This paper mainly introduces the basic idea of tricolor labeling, floating garbage caused by multi-labeling, and the treatment scheme of missing labeling (read-write barrier).

1. A brief review of garbage collection

There are basically several garbage collection algorithms: mark-clean, mark-copy, and mark-tidy. On this basis, generations (new generation/old generation) can be added, and different recycling algorithms are adopted for each generation to improve the overall distribution and recycling efficiency. No matter which algorithm is used, tagging is always a necessary step. This is the adjustment of course, you do not find the garbage, how to recycle?

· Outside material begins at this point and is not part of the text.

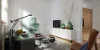 Un moderno soggiorno con mobili e decorazioni eleganti, Nolte Living.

The garbage collector works as follows:

1. Mark which objects are alive and which are garbage (recyclable);
2. Recycle (clean/copy/collate) and update references if objects have been moved (copy/collate).

This article focuses on the markup section.

2. Three-color marking method

2.1 Basic Algorithm

To find the living object, according to the accessibility analysis, the traversal visit starts from GC Roots, and the reachable objects are the living objects:

Final result: A/D/E/F/G reachable

We mark the objects encountered in the process of traversing the object graph in the following three colors according to the condition of “whether they have been visited” :

• White: not yet visited.
• Black: This object has been accessed, and all other objects referenced by this object have also been accessed.
• Gray: This object has been accessed, but other objects referenced by this object have not been accessed. When all access is complete, it turns black.

The first step:

The second step:

Step 3:

Step 4:

Step 5:

Three-color marking traversal process

Suppose we now have white, gray, and black (representing the color of the current object), and the traversal access process is as follows:

1. Initially, all objects are in the White set;
2. Move objects directly referenced by GC Roots to the grey set.
3. Get objects from grey set: 3.1. Move all other objects referenced by this object to [Grey set]; 3.2. Move this object into the Black Collection.
4. Repeat step 3 until [grey set] is empty.
5. After the end, objects still in the [white set] are unreachable by GC Roots and can be recycled.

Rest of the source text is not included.